#### What needs to be done:
Transcribe, word for word, every line from the one containing "They Deleted the" through the final line of the records, and omit the pictures.

[Start of section]

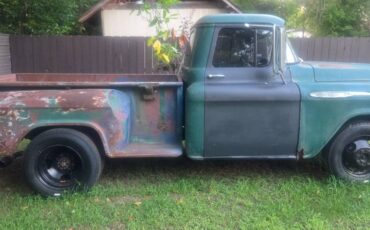 Chevrolet-apache-1957-green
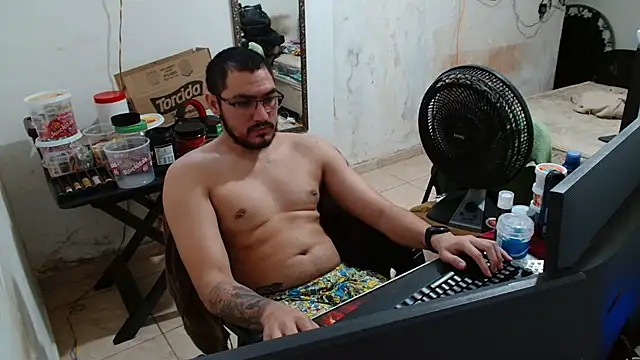 Leonino231 online show from 10-19-25, 07:14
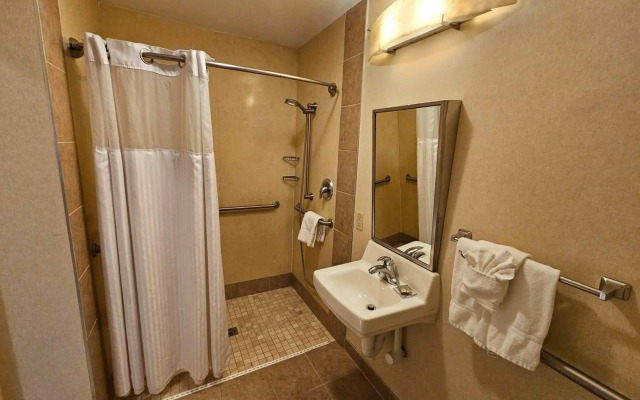 Radisson Hotel Freehold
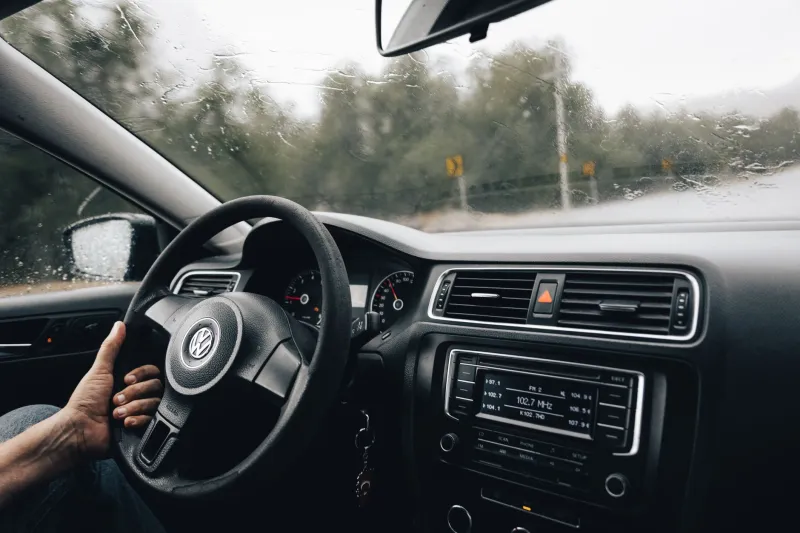 They Deleted the App and Turned the Dial Back: The Quiet Return of the Radio Convert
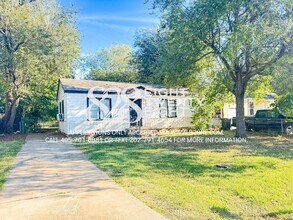 Building Photo - Charming 2 Bedroom/1 Bathroom Single Famil...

[End of section]

#### Response:
 They Deleted the App and Turned the Dial Back: The Quiet Return of the Radio Convert
 Building Photo - Charming 2 Bedroom/1 Bathroom Single Famil...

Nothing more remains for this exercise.